Before defining what a real estate investment fund is, we should first define what an investment fund is. An investment fund is a financial vehicle designed to pool money from multiple investors and use those funds to invest in a diversified portfolio of financial assets, such as stocks, bonds, securities, investment properties, or other instruments.

Real estate investment funds are characterized by their focus on real estate assets and related activities. Fund managers use investors’ capital to acquire properties such as residential homes, offices, or commercial buildings, with the aim of generating long-term returns through rental income, for example. 

Recommended article:Real Estate Investment in Spain

Pros and cons

Real estate investments are well known for their high returns, steady growth, and versatility, but it’s not all upside in this field—there are also drawbacks. If you want to know what the advantages and disadvantages are, keep reading.

Advantages

•Real estate funds often benefit from steady market demand. The need for housing, offices, retail spaces, and other types of properties is typically long-lasting, as people and businesses always need places to live and work. This ongoing demand can provide a steady source of income for investors.

•The real estate market tends to be more predictable than other financial markets. The extreme price fluctuations seen in stock markets, for example, are generally less common in the real estate market. •This provides investors with a greater sense of stability and security in their investments.

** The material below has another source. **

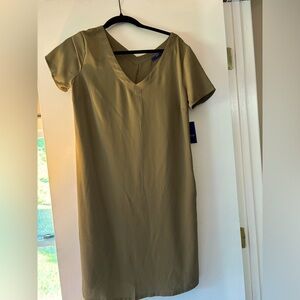 APT 9 green dress with pockets new with tags!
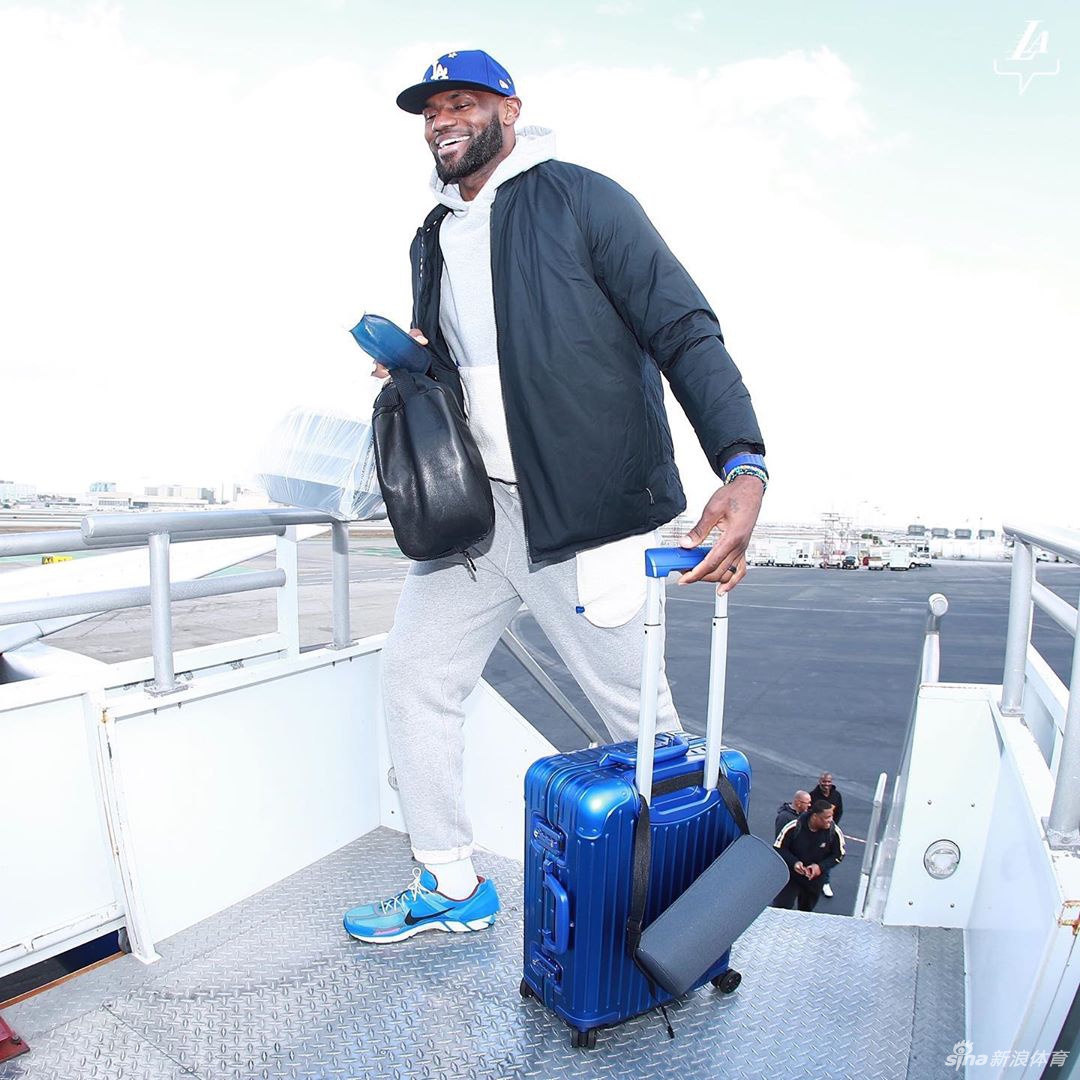 湖人众将开启客场之旅 库兹马戴护目镜还是那么帅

•Market changes and trends can present opportunities for investors who are willing to adapt. For example, technological advancements and the rise of the online commercial real estate market have led to changes in how real estate investments are managed.

•Real estate is a physical asset, which means that investors can own an actual piece of land or a building. This tangibility often provides a comforting sense of security and ownership. 

•Real estate investment funds, which operate on a large scale, can have a significant impact on the market. This allows them to negotiate better terms, access opportunities that might not be available to individual investors, and benefit from economies of scale, thereby increasing the potential return on investment.

Learn more about taxes on the sale of a home by clicking the link.

Disadvantages

•This type of profitable investment can often be challenging for those who are not familiar with the real estate market. Assessing the quality of the real estate assets in which the fund invests, understanding financial reports, and selecting suitable funds typically requires a level of knowledge and experience that not all investors possess.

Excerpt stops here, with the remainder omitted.